**TASK GOAL**: Transcribe the entries that follow, word for word.

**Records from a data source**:
***

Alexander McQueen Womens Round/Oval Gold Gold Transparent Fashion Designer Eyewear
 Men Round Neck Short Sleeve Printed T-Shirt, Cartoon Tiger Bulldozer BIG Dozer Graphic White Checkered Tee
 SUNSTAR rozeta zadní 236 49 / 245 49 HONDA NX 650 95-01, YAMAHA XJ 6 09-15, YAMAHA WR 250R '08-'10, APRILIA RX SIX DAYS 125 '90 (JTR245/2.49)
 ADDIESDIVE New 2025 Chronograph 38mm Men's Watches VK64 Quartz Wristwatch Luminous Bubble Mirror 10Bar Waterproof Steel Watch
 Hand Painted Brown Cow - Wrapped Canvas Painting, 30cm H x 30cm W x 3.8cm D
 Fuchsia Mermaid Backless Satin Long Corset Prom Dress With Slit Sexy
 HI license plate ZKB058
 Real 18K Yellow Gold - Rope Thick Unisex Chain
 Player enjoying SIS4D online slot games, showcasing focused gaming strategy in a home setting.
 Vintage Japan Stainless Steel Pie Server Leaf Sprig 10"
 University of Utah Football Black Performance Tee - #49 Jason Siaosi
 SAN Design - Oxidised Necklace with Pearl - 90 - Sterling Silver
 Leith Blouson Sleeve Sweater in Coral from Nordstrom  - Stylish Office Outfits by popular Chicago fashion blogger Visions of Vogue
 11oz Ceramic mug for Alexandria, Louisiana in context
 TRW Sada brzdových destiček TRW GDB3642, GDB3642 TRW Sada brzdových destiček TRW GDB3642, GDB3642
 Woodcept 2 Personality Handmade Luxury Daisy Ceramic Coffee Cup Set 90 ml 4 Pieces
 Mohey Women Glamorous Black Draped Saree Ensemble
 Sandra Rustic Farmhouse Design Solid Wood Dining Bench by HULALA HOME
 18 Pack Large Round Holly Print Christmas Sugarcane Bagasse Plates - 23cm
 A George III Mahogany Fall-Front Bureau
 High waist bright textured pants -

***

**ANSWER AREA**:
Alexander McQueen Womens Round/Oval Gold Gold Transparent Fashion Designer Eyewear
 Men Round Neck Short Sleeve Printed T-Shirt, Cartoon Tiger Bulldozer BIG Dozer Graphic White Checkered Tee
 SUNSTAR rozeta zadní 236 49 / 245 49 HONDA NX 650 95-01, YAMAHA XJ 6 09-15, YAMAHA WR 250R '08-'10, APRILIA RX SIX DAYS 125 '90 (JTR245/2.49)
 ADDIESDIVE New 2025 Chronograph 38mm Men's Watches VK64 Quartz Wristwatch Luminous Bubble Mirror 10Bar Waterproof Steel Watch
 Hand Painted Brown Cow - Wrapped Canvas Painting, 30cm H x 30cm W x 3.8cm D
 Fuchsia Mermaid Backless Satin Long Corset Prom Dress With Slit Sexy
 HI license plate ZKB058
 Real 18K Yellow Gold - Rope Thick Unisex Chain
 Player enjoying SIS4D online slot games, showcasing focused gaming strategy in a home setting.
 Vintage Japan Stainless Steel Pie Server Leaf Sprig 10"
 University of Utah Football Black Performance Tee - #49 Jason Siaosi
 SAN Design - Oxidised Necklace with Pearl - 90 - Sterling Silver
 Leith Blouson Sleeve Sweater in Coral from Nordstrom  - Stylish Office Outfits by popular Chicago fashion blogger Visions of Vogue
 11oz Ceramic mug for Alexandria, Louisiana in context
 TRW Sada brzdových destiček TRW GDB3642, GDB3642 TRW Sada brzdových destiček TRW GDB3642, GDB3642
 Woodcept 2 Personality Handmade Luxury Daisy Ceramic Coffee Cup Set 90 ml 4 Pieces
 Mohey Women Glamorous Black Draped Saree Ensemble
 Sandra Rustic Farmhouse Design Solid Wood Dining Bench by HULALA HOME
 18 Pack Large Round Holly Print Christmas Sugarcane Bagasse Plates - 23cm
 A George III Mahogany Fall-Front Bureau
 High waist bright textured pants -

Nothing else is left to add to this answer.